Re: CHAT: Umberto Eco and Esperanto
From: | Ed Heil <edheil@...> |
Date: | Friday, June 11, 1999, 19:42 |
Thanks very much, and likewise! :)
By the "critical age" hypothesis, I understand you to mean the fact
that if a human is not exposed to language at a certain age they will
never pick it up properly. What this proves as far as I'm concerned
is that there is a critical time for learning language; I don't think
one can argue with that.
However, even if language use were a highly specialized use of
independently existing cognitive skills, rather than a process which
is unique and different *in kind* than other cognitive skills, it
might be so extremely specialized that it requires the organism to be
absolutely primed to learn it, and that priming may be age-related.
As I understand it, it is very difficult for people blind from birth
whose sight is restored to learn to see -- the skill of turning
light-sensations on the retina into a three-dimensional world is far
from automatic, and if you don't grow up doing it, you may never quite
get it. (The suicide rate among the congenitally blind whose sight is
restored is disturbingly high -- many cannot deal with the chaotic and
incomprehensible visual sensations they suddenly acquire.) And yet
sight still involves general perceptual principles (which were
explored in a basic way by gestalt psychology in the early part of
this century, and which are being re-discovered, or rather discovered
in much greater mechanical detail, by connectionist congnitive
scientists, these days).
Hmm... analogy's not all that good, but I couldn't resist bringing up
that stuff about blind people. All I mean to establish by it is that
the existence of a "critical age" for learning a skill doesn't mean
any more nor less than that there is a "critical age" for learning
that skill.
Chomskian claims tend to be much stronger -- that the structure of
syntax can be investigated independently from semantics; that language
is properly modeled by theories involving sequences of meaningless
tokens; things like that. That's what gets me about it. :)

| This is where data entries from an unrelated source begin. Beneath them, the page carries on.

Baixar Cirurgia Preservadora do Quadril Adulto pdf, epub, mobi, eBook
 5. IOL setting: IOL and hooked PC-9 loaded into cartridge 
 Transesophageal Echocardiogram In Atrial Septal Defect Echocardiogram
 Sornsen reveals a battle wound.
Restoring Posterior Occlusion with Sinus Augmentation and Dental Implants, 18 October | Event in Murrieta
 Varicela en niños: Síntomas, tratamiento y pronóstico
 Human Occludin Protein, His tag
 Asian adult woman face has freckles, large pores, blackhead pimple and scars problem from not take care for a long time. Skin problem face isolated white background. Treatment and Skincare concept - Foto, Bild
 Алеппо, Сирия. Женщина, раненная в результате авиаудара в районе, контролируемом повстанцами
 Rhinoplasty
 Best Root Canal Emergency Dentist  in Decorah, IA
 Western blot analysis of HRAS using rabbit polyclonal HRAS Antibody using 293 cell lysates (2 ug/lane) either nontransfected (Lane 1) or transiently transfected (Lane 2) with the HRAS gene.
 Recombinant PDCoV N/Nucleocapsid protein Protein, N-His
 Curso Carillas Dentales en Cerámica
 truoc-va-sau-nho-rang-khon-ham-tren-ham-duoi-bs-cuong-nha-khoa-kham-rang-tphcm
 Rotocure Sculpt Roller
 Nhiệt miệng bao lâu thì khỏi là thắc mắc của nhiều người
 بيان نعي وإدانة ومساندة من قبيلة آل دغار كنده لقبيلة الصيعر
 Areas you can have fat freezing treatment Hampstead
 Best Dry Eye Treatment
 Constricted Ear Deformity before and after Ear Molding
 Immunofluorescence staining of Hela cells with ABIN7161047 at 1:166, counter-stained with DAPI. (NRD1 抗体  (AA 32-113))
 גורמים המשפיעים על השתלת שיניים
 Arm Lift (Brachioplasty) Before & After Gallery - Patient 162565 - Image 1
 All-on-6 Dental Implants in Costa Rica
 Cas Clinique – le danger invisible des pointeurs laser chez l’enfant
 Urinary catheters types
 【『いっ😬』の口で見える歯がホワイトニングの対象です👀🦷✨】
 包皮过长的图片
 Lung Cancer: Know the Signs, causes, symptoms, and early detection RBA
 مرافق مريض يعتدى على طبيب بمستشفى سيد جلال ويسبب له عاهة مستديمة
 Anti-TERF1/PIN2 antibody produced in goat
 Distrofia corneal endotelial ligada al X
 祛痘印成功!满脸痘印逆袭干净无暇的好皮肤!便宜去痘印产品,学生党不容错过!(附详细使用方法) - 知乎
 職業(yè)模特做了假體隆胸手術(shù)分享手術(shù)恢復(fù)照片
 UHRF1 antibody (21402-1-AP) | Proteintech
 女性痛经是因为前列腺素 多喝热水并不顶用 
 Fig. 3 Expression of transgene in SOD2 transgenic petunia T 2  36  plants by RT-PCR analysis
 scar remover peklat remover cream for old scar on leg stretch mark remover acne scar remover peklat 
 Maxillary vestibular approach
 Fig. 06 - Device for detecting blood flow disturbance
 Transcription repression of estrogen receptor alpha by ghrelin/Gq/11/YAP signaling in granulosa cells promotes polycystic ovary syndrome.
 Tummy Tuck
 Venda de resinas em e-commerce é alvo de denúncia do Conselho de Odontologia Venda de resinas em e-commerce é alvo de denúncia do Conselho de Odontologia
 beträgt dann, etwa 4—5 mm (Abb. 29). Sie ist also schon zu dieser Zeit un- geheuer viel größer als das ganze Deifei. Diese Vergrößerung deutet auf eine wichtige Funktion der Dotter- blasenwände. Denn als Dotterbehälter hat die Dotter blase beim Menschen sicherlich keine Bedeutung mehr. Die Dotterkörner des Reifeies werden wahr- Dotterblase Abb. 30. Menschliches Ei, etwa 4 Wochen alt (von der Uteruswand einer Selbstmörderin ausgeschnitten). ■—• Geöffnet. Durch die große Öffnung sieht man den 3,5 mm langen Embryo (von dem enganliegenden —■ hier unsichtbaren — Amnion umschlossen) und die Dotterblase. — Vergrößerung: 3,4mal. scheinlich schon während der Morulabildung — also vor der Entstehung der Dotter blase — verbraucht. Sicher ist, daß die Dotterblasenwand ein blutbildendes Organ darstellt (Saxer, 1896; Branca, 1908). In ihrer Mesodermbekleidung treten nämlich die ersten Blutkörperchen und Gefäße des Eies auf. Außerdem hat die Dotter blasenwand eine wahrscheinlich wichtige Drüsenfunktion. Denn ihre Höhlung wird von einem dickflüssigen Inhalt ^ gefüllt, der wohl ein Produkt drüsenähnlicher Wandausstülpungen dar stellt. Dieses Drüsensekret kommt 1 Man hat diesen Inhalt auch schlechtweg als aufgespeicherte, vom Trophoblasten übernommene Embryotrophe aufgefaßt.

Ed Heil ------ edheil@postmark.net
--- http://purl.org/net/edheil ---
Tom Wier wrote:
> Ed Heil wrote:
>
> > I see Chomskians as essentially saying, "bat wings must have nothing
> > to do with fingers and arms, because they're just so different; they
> > must have evolved out of nowhere by a sudden mutation, and they must
> > be studied as if they had nothing to do with fingers and arms, or
> > forelegs and forepaws; indeed, as if they had nothing but aerodynamic
> > properties -- no muscles, no bones, no skin -- we must study them not
> > using biology, but using techniques developed to study airplane wings
> > or helicopter rotors."
>
> I see your point, but how do you explain things like the Critical
> Age Hypothesis (more or less a fact now)? Though perhaps
> Chomsky overstates himself by not acknowledging the relationships
> between the linguistic faculties of the mind and what it shares with
> other mental faculties, it seems to me that the dichotomy is not
> *wholly* inappropriate.
>
> (BTW, I'd just like to point out that I always enjoy your posts;
> I find myself as often wanting to save them as needing to delete
> them for want of space)
>
> ===========================================
> Tom Wier <artabanos@...>
> AIM: Deuterotom ICQ: 4315704
> <
http://www.angelfire.com/tx/eclectorium/>
> "Cogito ergo sum, sed credo ergo ero."
>
> "Things just ain't the way they used to was."